Surat yang berisi ucapan terima kasih telah melahirkannya ke dunia yang indah ini dan memiliki sahabat bernama ibu. Sebuah tindakan yang terlihat sederhana, namun memiliki dampak luar biasa. Surat itu menjadi jembatan.

Ketika mereka bertemu kembali, pelukan dan air mata menjadi simbol cairnya kebekuan bertahun-tahun. Hubungan mereka pulih dan enam bulan kemudian, sang ibu meninggal. Namun, Howells tak lagi menyimpan penyesalan. Ia telah memeluk ibunya sejak ia mencoba melepaskan semua rasa bencinya.

Dari pengalaman pribadi inilah, Howells menyusun bukunya dengan runtut dan penuh kepekaan. Setiap bab menjelaskan proses kebencian itu tumbuh dengan berbagai penyebabnya. Tidak diperlakukan adil, kesuksesan rekan kerja yang tidak sesuai dengan kemampuannya, atau hal lainnya. Semua itu berpotensi untuk menumbuhkan rasa benci di dalam diri.

Ia menyadarkan kita bahwa rasa dendam tak selalu hadir dalam bentuk ledakan emosi, tapi bisa bersembunyi dalam sunyi, dalam sikap dingin, atau dalam harapan diam bahwa orang lain akan meminta maaf lebih dulu.

Namun, inilah yang menjadi keistimewaan buku ini. Daripada menuntut dunia untuk berubah, Howells mengajak pembacanya untuk merubah diri sendiri. Ia mengajarkan bahwa rasa syukur bukan berarti membenarkan perlakuan buruk, melainkan mengakui bahwa dalam setiap relasi, selalu ada hal baik yang patut dihargai.

Dan itulah yang menjadi obat agar kita bisa sembuh. Melalui langkah-langkah praktis dan penuh empati, pembaca diajak untuk perlahan melepaskan luka, bukan dengan melupakan, tapi dengan memilih untuk tidak terus-menerus hidup di dalamnya.

Buku ini sangat cocok untuk kalian yang merasa terjebak dalam konflik batin, baik dengan orang lain maupun dengan diri sendiri. Ia seolah mengingatkan kita bahwa kehidupan yang kita impikan mungkin terlalu sempurna, baik dalam pertemanan, keluarga, atau karir.

Dan saat kenyataan tak sesuai harapan, rasa kecewa berubah menjadi kebencian yang tak terucap. Tapi di tengah itu semua, rasa syukur bisa menjadi obat. Rasa syukur yang dimaksud bukanlah paksaan, melainkan syukur yang selalu kita terapkan dalam berbagai hal kecil.

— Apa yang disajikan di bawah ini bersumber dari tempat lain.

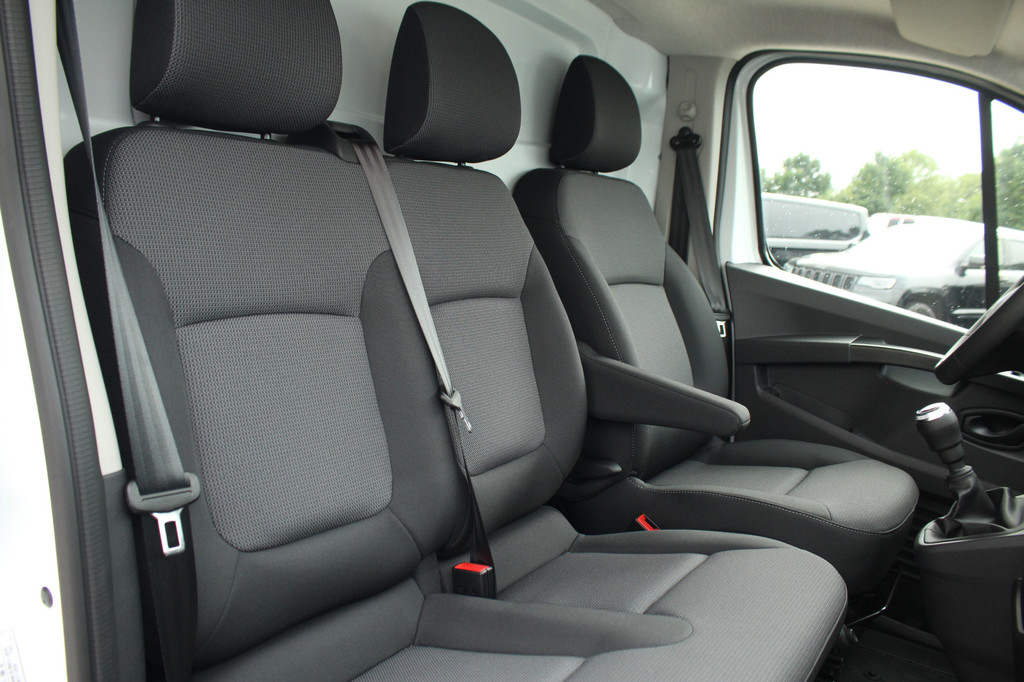 Renault Trafic 2.0 Blue dCi 150pk T30 L2H1 | Cruise | Carplay/Android | PDC | Lease 501,- p/m 15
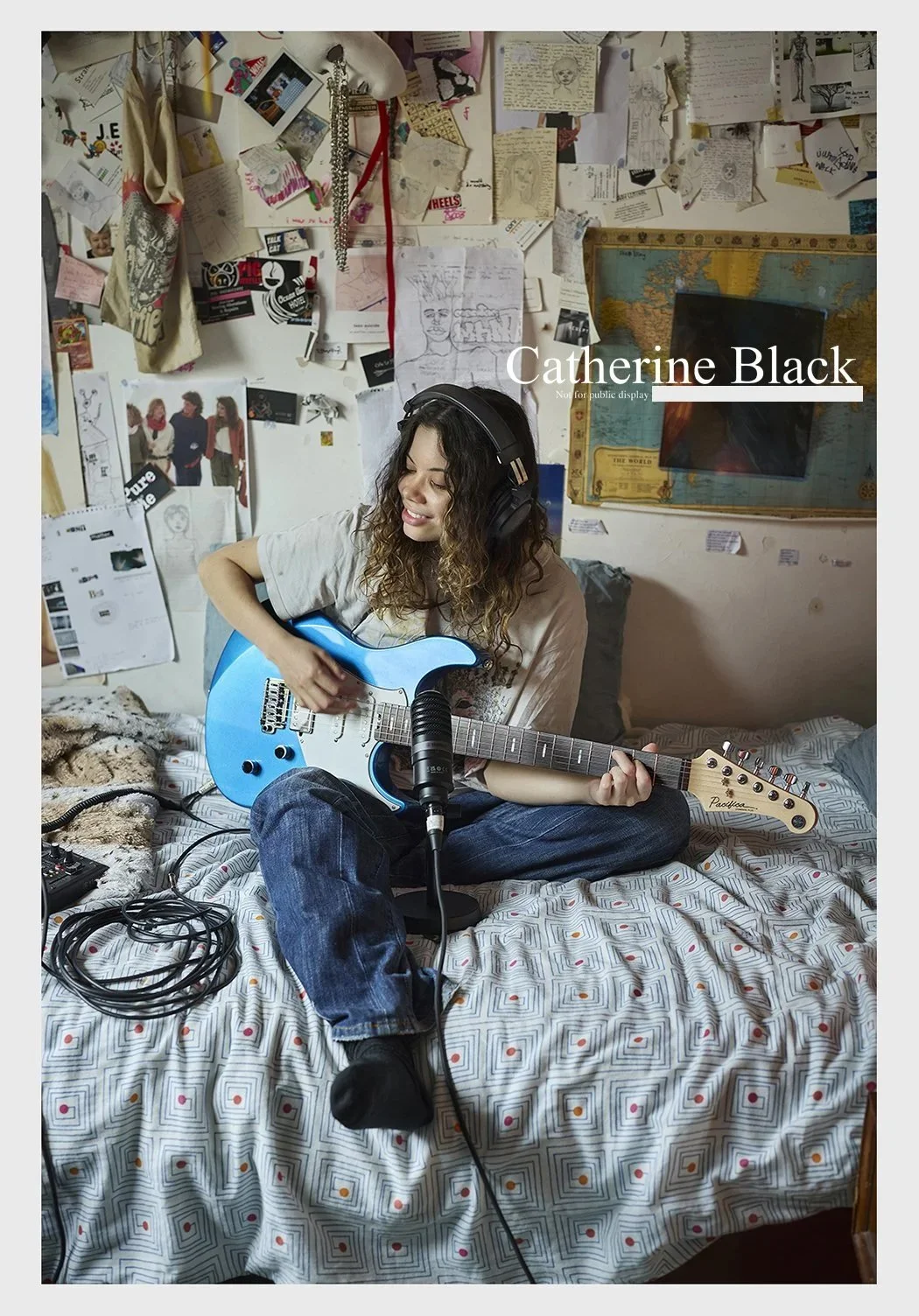 040_CatBlack2026_Lifestyle.jpg
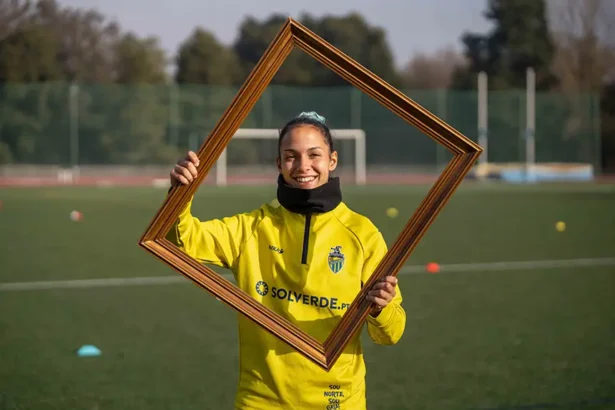 Inês Barge, Valadares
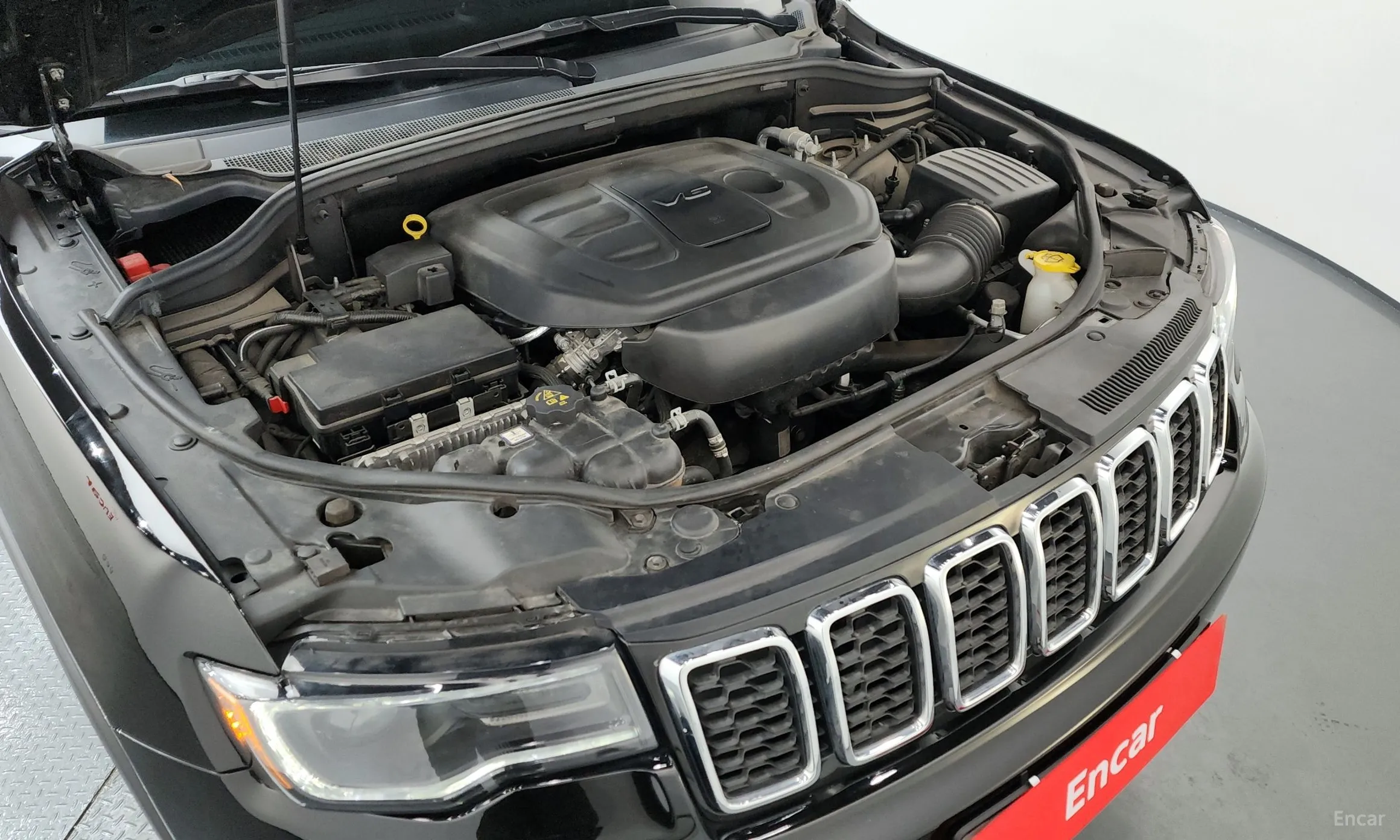Jeep Grand Cherokee превью 6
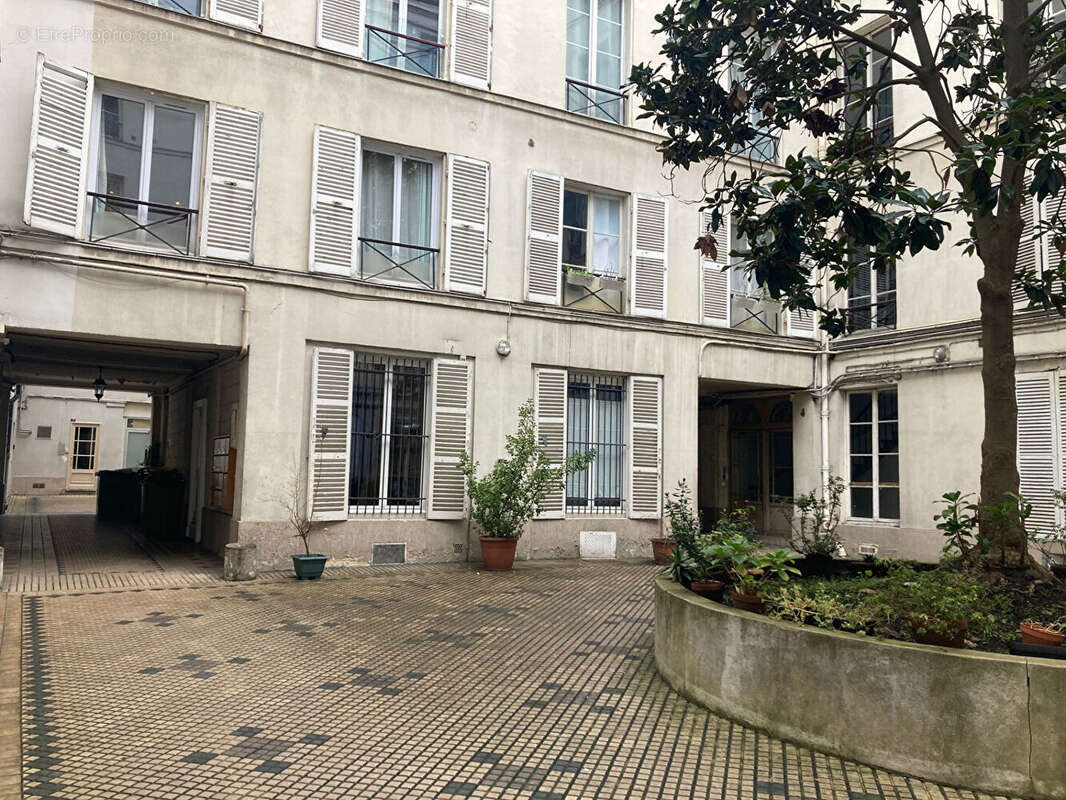 Paris 9ème- Rue Richer-Studio 9m2 refait à neuf - photo 12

Buku How Can I Be Grateful When I Feel So Resentful? bukan hanya tentang syukur, tapi tempat untuk belajar membuka diri terhadap luka yang selama ini menjadi bayang-bayang.

Bukan hadir sebagai nasihat yang menggurui, melainkan sebagai teman yang setia menyapa dengan kelembutan, kejujuran, dan harapan.